BEGIN Information shown

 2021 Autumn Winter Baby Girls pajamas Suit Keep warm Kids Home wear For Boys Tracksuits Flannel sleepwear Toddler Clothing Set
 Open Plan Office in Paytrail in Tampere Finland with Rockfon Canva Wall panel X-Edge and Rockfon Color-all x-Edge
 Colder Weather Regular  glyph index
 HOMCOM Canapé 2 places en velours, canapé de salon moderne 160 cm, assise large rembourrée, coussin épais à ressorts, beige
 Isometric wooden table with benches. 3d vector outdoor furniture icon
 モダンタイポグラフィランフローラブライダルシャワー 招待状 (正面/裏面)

END Information shown
BEGIN Information shown

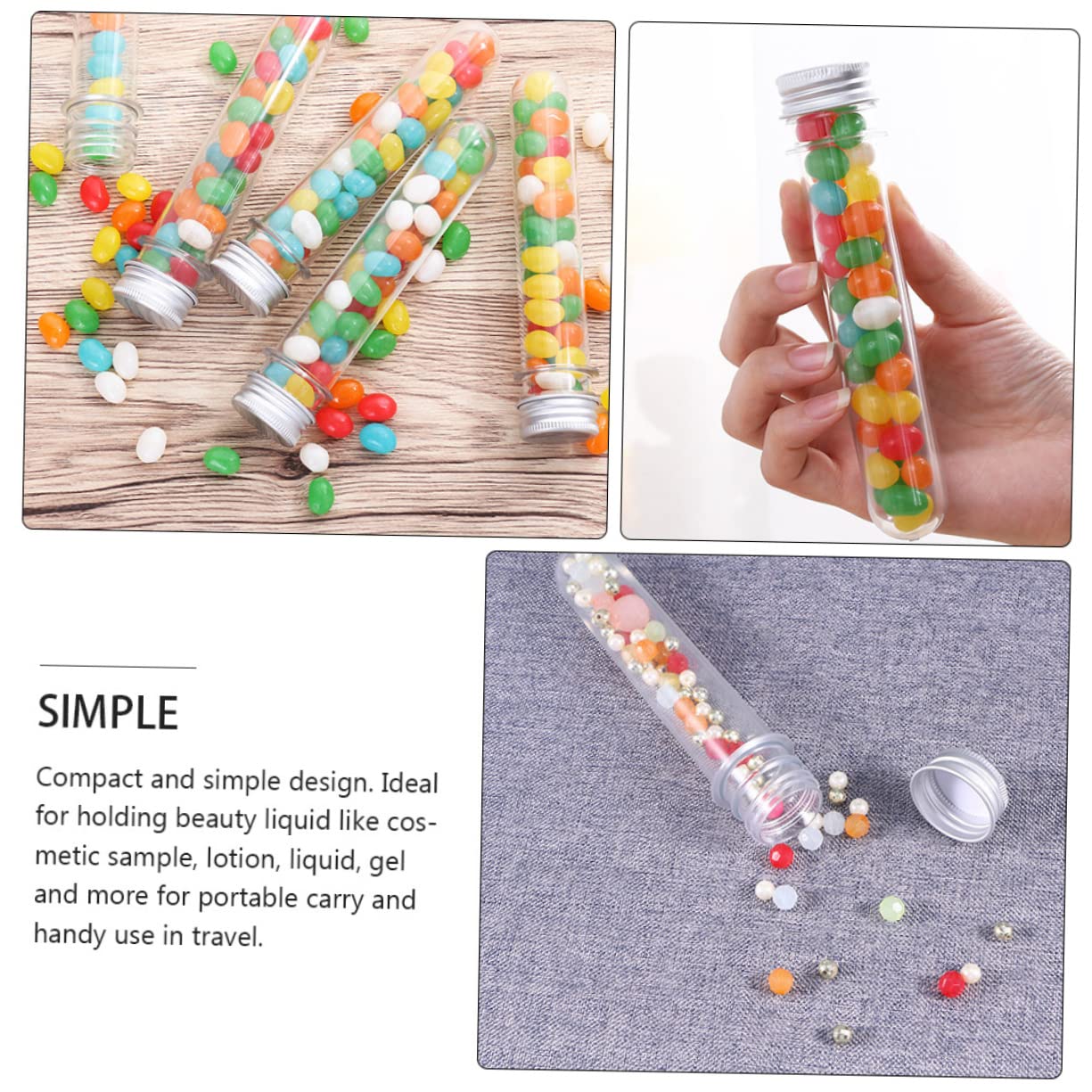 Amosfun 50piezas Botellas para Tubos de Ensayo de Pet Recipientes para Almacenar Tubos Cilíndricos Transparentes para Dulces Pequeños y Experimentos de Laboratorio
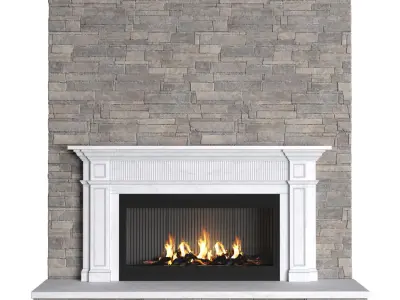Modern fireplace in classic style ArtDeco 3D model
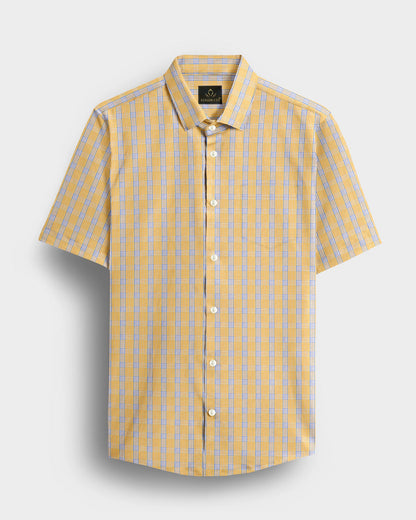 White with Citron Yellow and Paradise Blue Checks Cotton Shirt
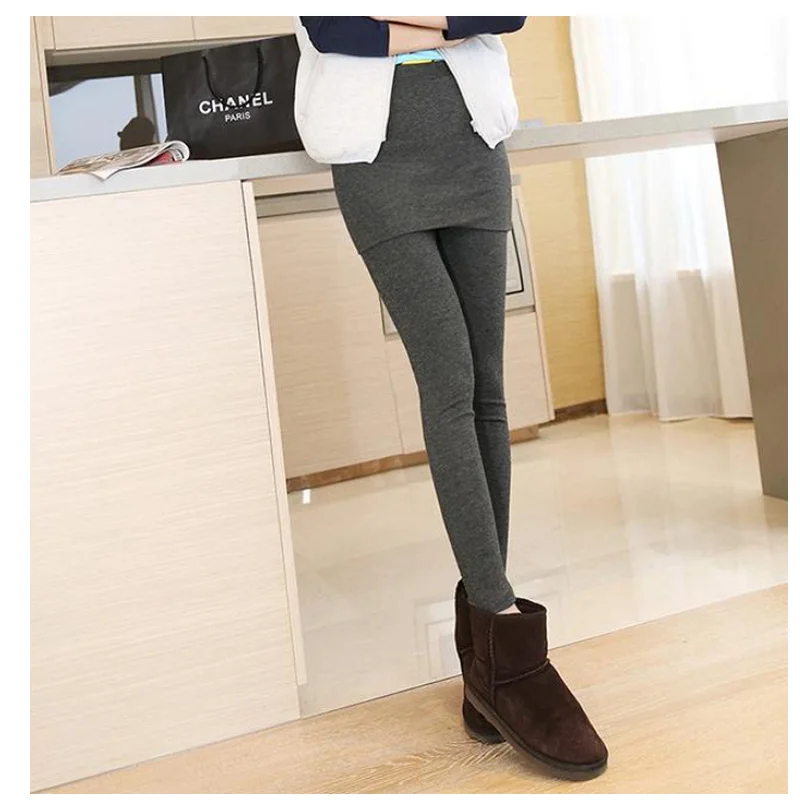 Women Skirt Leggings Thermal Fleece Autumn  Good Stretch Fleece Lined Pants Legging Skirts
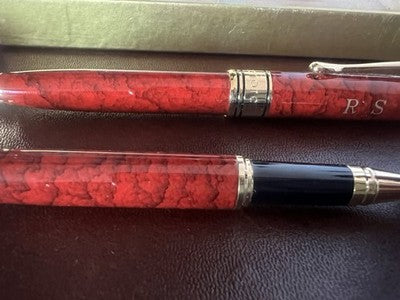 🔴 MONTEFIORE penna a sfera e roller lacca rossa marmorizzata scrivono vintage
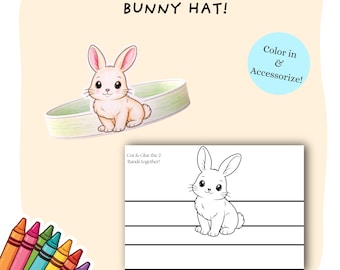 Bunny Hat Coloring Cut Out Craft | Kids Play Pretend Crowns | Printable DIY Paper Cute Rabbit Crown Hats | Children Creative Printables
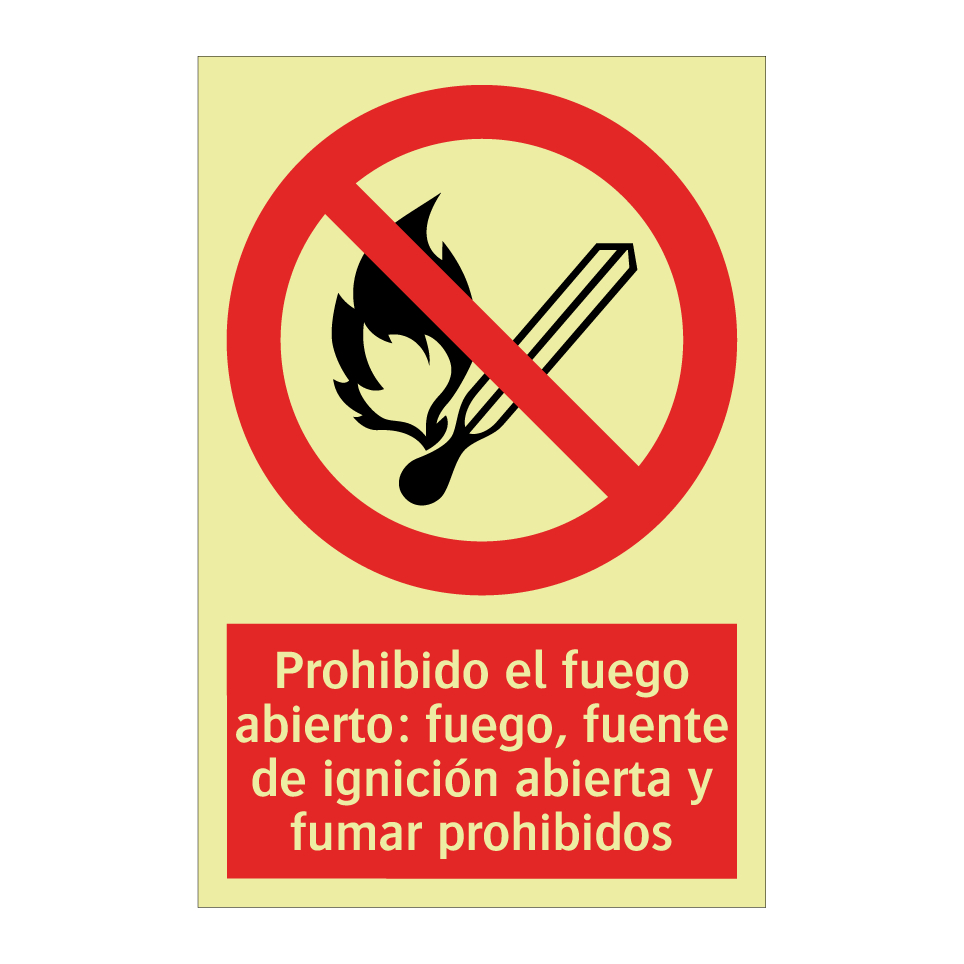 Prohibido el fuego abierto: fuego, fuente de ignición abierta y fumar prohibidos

END Information shown

Take the lines above from the one containing "Open Plan Office" down to the one containing "モダンタイポグラフィランフローラブライダルシャワー 招待状 (正面/裏面)", and transcribe them exactly, both ends included.

 Open Plan Office in Paytrail in Tampere Finland with Rockfon Canva Wall panel X-Edge and Rockfon Color-all x-Edge
 Colder Weather Regular  glyph index
 HOMCOM Canapé 2 places en velours, canapé de salon moderne 160 cm, assise large rembourrée, coussin épais à ressorts, beige
 Isometric wooden table with benches. 3d vector outdoor furniture icon
 モダンタイポグラフィランフローラブライダルシャワー 招待状 (正面/裏面)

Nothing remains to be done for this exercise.